**Work instructions**: State, as a number alone, how many lines of the entries contain the word "Ride".

**Supplied material**:
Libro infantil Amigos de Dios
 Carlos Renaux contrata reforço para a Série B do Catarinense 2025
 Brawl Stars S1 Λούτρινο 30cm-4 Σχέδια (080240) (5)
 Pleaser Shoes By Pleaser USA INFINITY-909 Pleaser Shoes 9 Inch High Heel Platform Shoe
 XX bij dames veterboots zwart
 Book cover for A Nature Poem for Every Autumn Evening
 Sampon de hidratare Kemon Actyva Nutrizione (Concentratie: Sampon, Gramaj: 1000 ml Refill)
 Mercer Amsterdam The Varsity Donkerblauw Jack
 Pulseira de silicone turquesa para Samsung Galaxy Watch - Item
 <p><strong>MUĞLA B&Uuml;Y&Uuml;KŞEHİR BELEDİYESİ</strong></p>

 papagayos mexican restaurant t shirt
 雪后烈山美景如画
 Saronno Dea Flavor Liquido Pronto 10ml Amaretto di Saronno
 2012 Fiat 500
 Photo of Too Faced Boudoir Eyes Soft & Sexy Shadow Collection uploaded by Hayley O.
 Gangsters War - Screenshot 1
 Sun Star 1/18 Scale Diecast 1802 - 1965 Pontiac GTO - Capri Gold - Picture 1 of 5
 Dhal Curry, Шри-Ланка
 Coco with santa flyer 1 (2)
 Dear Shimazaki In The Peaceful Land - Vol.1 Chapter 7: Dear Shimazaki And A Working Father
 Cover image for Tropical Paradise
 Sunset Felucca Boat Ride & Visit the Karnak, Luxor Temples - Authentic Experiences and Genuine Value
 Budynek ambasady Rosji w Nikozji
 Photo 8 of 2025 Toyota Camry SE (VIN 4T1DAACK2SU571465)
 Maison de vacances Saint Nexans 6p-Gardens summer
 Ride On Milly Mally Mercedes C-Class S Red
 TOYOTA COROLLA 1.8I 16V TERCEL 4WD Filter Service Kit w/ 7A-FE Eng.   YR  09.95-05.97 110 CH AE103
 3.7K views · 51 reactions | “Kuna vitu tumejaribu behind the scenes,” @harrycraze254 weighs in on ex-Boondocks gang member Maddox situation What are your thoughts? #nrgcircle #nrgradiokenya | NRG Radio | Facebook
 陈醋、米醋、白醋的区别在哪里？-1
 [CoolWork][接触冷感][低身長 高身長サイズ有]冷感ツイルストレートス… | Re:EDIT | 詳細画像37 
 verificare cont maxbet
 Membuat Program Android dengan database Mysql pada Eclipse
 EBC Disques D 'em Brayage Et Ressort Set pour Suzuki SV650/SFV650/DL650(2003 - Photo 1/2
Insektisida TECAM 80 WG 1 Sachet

**Your response**: 2